Singapore was cloudy, and thus about 20 degrees cooler than expected, but still muggy. We went to Pivdofr restaurant, on which I'd painted a mural eight years ago. Unfortunately, it was in the process of becoming a Korean BBQ. I got pictures of what little of my mural remained. We started to walk toward Little India, but thirst and hunger got the better of me, and we sat for lunch in an A/C sit-down restaurant, rather than delving straight into the questionable street food before we'd even set foot in India. Instead, we spent the rest of the afternoon milling through assorted malls, which, in my view, epitomizes Singapore. Everywhere, there is a mall, and there is a new one on the way. In between are lots of orchids and gardened landscapes.

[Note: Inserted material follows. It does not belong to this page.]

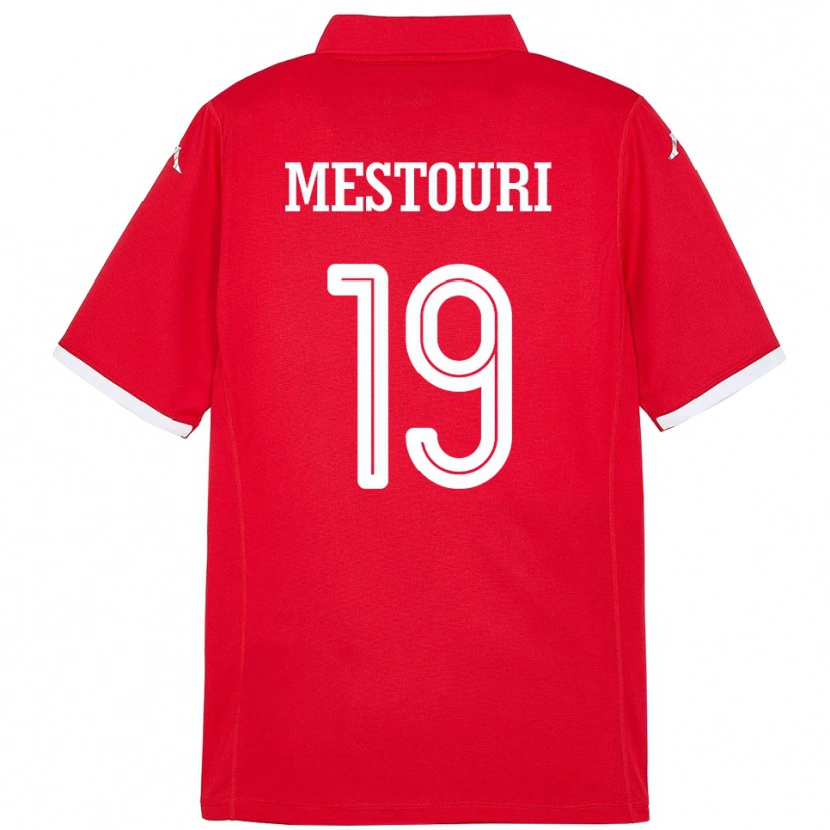 Danxen Niño Camiseta Túnez Hazem Mestouri #19 Rojo 1ª Equipación 24-26 La Camisa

We flew into Trivandrum at about 9:30 last night. I was struck first by how it differed from flying into Calcutta ten years ago, the last time I came to India. Everywhere, this time, there were little galaxies of light on the ground, and pinpoint trails between them; even the geometric grids of parking lots laid out in light -- in short, everything you'd expect to see flying in to any city at night. Ten years ago, outside Calcutta, there was an occasional bonfire breaking up the black. In Trivandrum, we deplaned onto the tarmac and boarded busses to the terminal. In Calcutta, we'd deplaned onto the tarmac and started a footrace. Both times, we'd had a 20-30 minute taxi ride to our destination. This time, we'd called ahead and had a man waiting, with our names on a sign. Back then, we'd waded through a phalanx of taxi touts, to get picked up by a one-armed man who smoked as he drove. The rides on both occasions were similar, except this time we were heading progressively more rural, down well lit roads. Ten years ago, the roads leading into one of the largest urban agglomerations of the day were unlit at night, and the driver didn't even use his own headlights, preferring the horn instead. I suspect some of the differences are due to the changes in India's finance in the past decade, others due to the differences between north and south here. One thing I do know is, ten years ago, I missed whatever palm lined beaches they have up north.

--Damon

1 comment:

daemonsquire said...

Every time I see this post, I'm reminded that there's nothing particularly wacky or inscrutable about fishermen, or about colorful sculptures in churches.